### Try it
Take from the entries below the stretch from the line with "Trespass Adults Waterproof" through the line with "Requirements Vintage Made", and return it exactly, leaving the pictures out.

### Records for the task
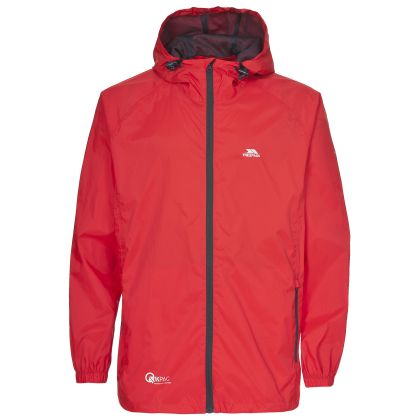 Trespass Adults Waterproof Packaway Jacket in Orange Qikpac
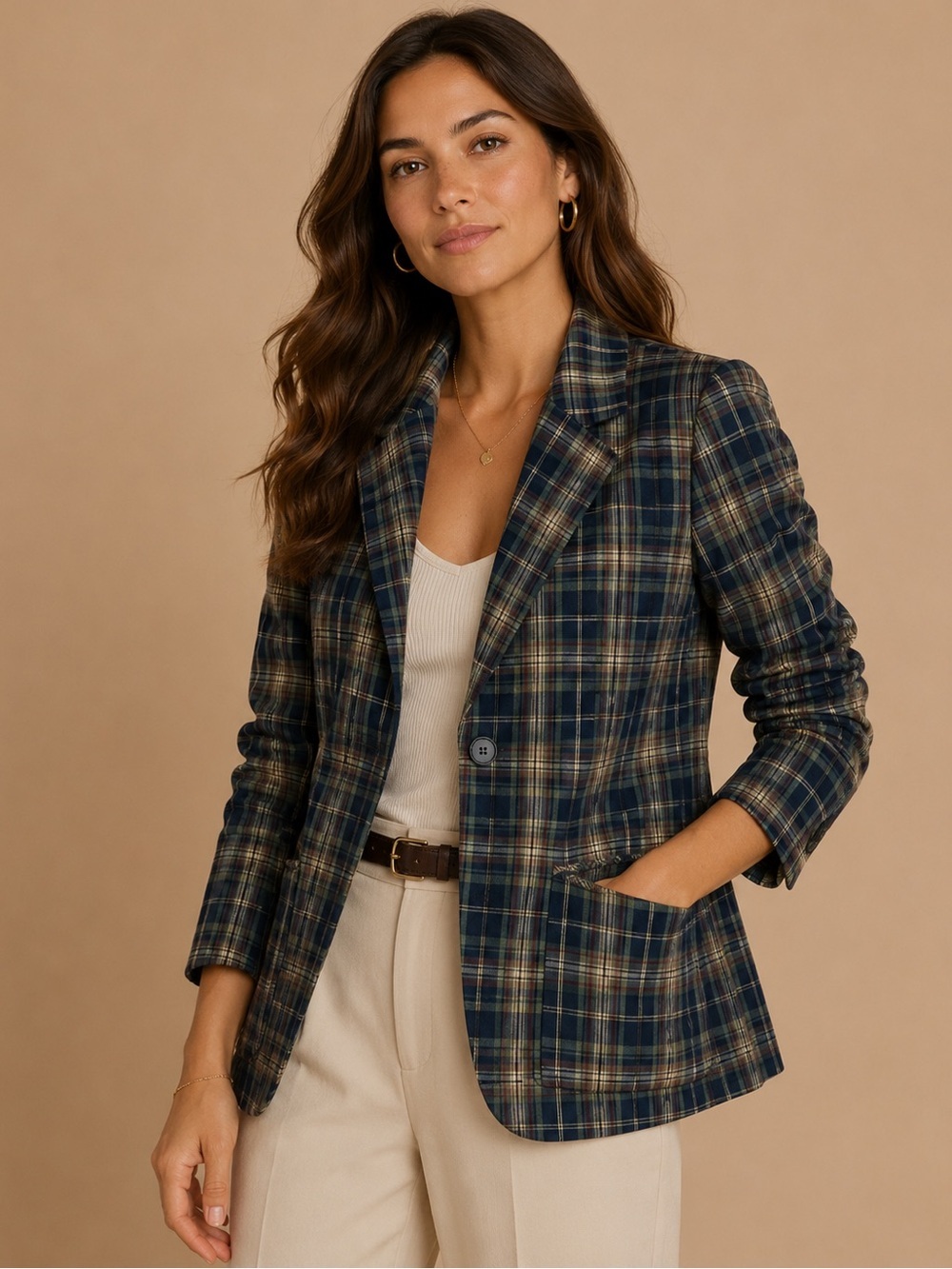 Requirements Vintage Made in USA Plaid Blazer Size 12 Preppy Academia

* * *

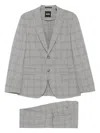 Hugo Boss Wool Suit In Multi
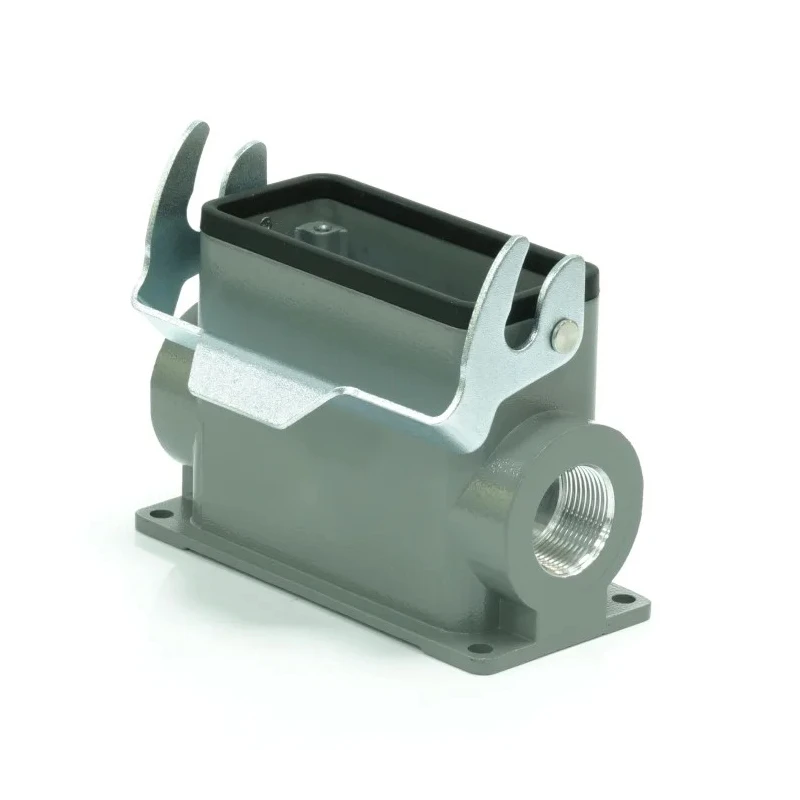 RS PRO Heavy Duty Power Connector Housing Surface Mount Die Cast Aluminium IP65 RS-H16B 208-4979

--

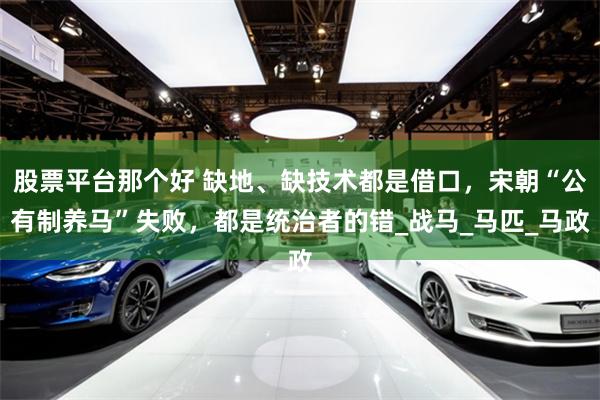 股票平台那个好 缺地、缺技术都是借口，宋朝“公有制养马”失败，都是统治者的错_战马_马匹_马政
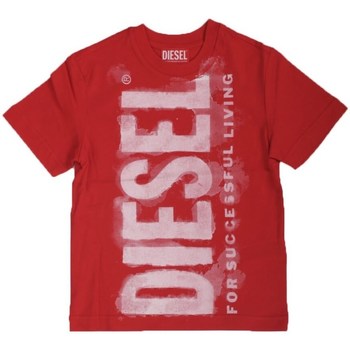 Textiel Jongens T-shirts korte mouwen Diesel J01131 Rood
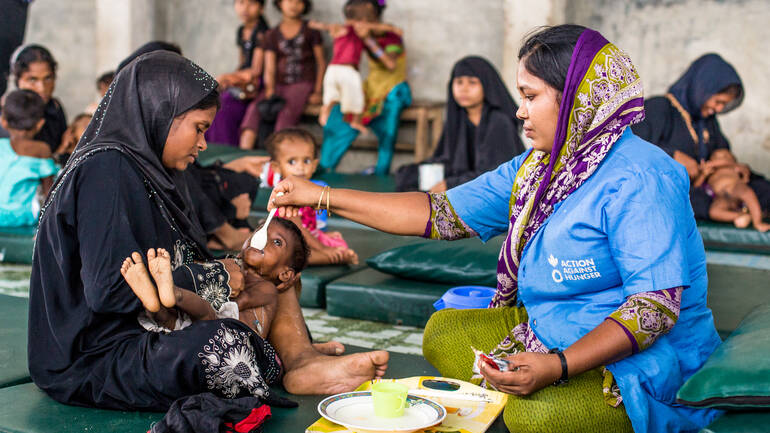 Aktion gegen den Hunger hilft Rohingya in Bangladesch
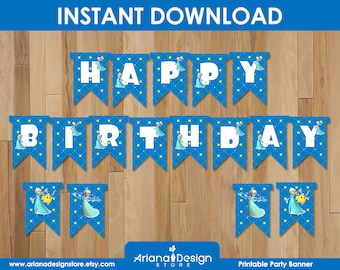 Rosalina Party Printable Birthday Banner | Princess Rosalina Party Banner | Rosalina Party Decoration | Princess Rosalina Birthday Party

### Your solution
 Trespass Adults Waterproof Packaway Jacket in Orange Qikpac
 Requirements Vintage Made in USA Plaid Blazer Size 12 Preppy Academia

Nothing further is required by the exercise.